Work required
Would you please repeat, word for word, only the lines from the one holding "2104833-3-S-Whirlpool-A341W-One Piece Electric" through the one holding "Chemise imprimée" in the material below, without the pictures?

──────── Records supplied

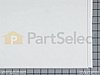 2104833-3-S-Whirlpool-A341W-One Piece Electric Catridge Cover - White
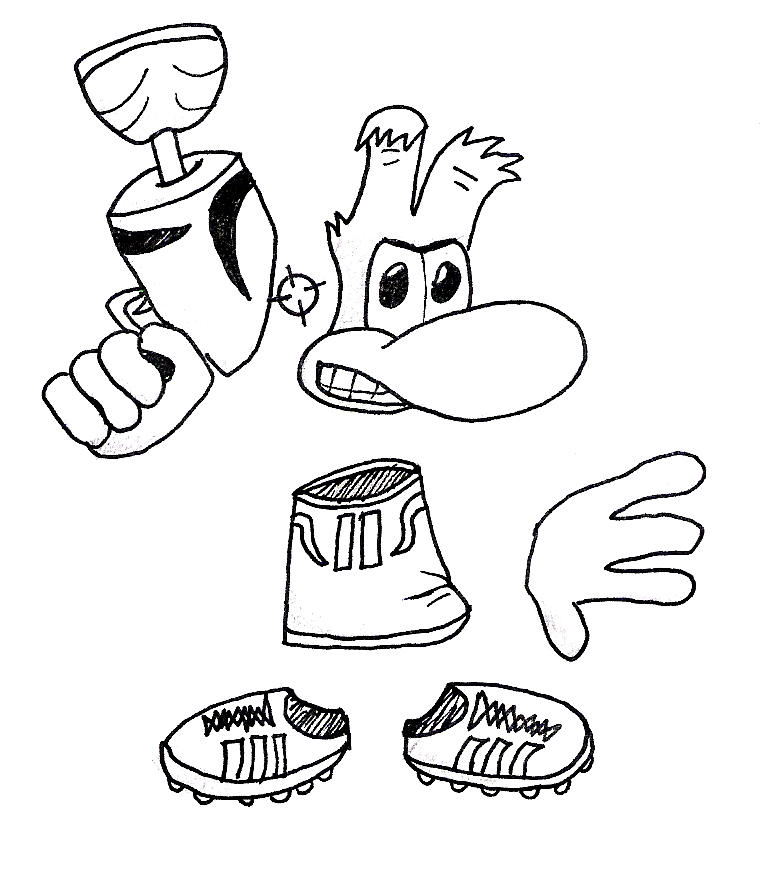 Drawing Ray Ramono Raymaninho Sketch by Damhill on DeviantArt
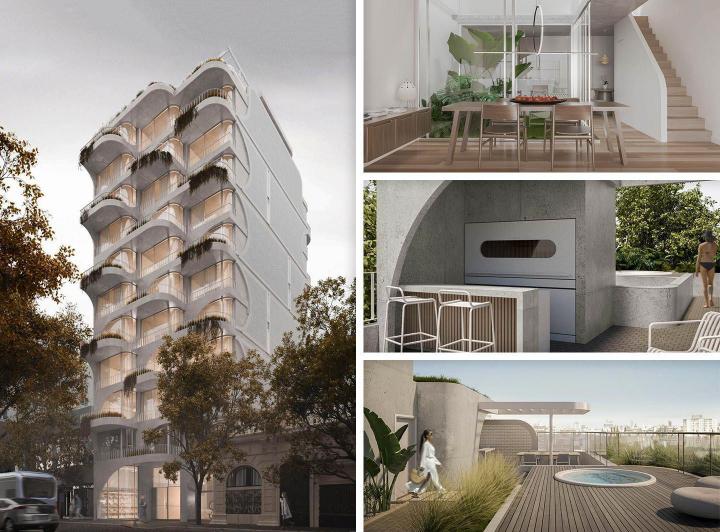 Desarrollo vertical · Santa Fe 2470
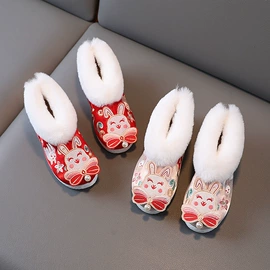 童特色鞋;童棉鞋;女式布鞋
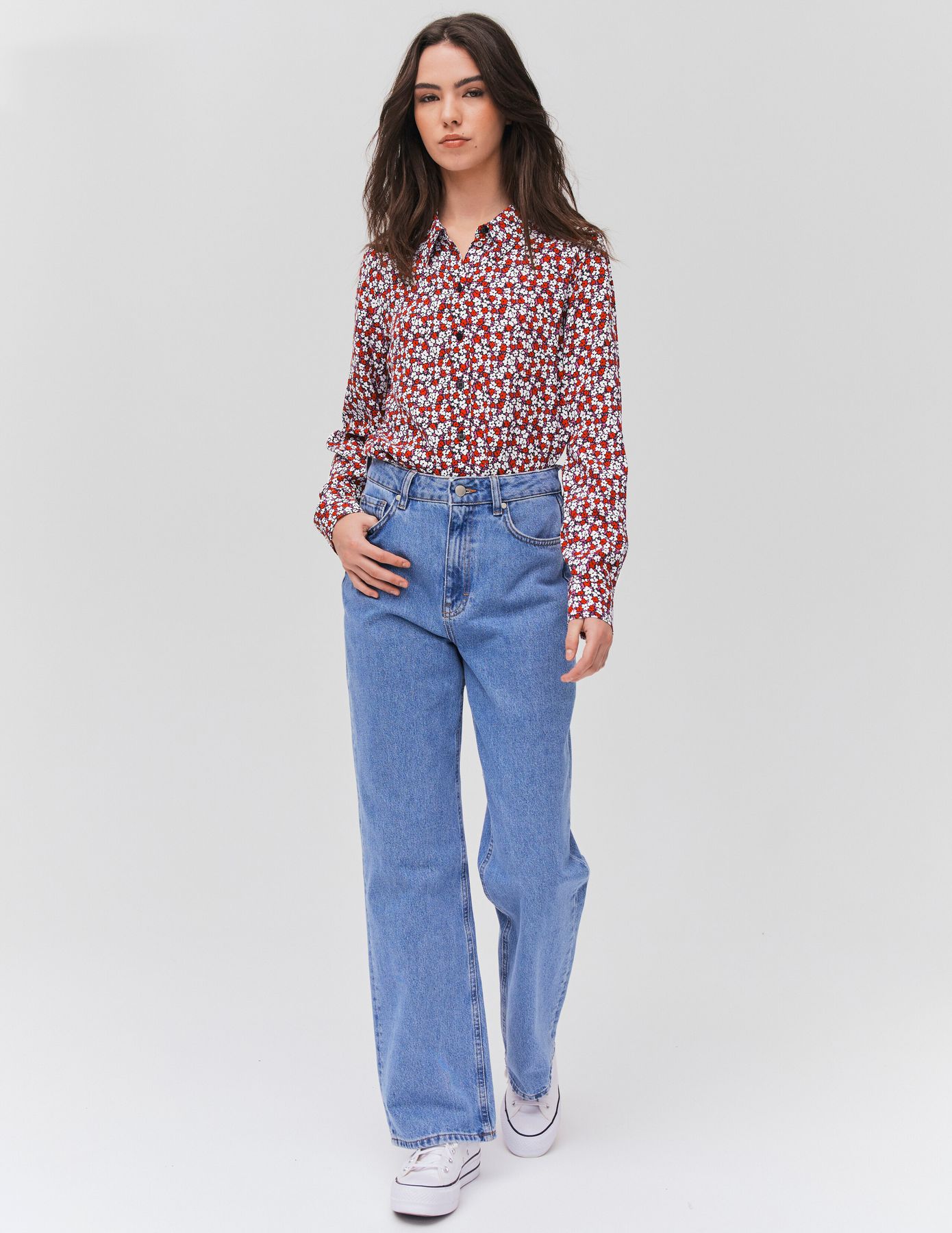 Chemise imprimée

────────────────
──────── Records supplied

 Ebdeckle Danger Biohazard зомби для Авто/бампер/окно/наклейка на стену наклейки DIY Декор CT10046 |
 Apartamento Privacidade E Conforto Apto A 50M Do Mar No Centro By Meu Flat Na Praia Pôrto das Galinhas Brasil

────────────────

Answer box
 2104833-3-S-Whirlpool-A341W-One Piece Electric Catridge Cover - White
 Drawing Ray Ramono Raymaninho Sketch by Damhill on DeviantArt
 Desarrollo vertical · Santa Fe 2470
 童特色鞋;童棉鞋;女式布鞋
 Chemise imprimée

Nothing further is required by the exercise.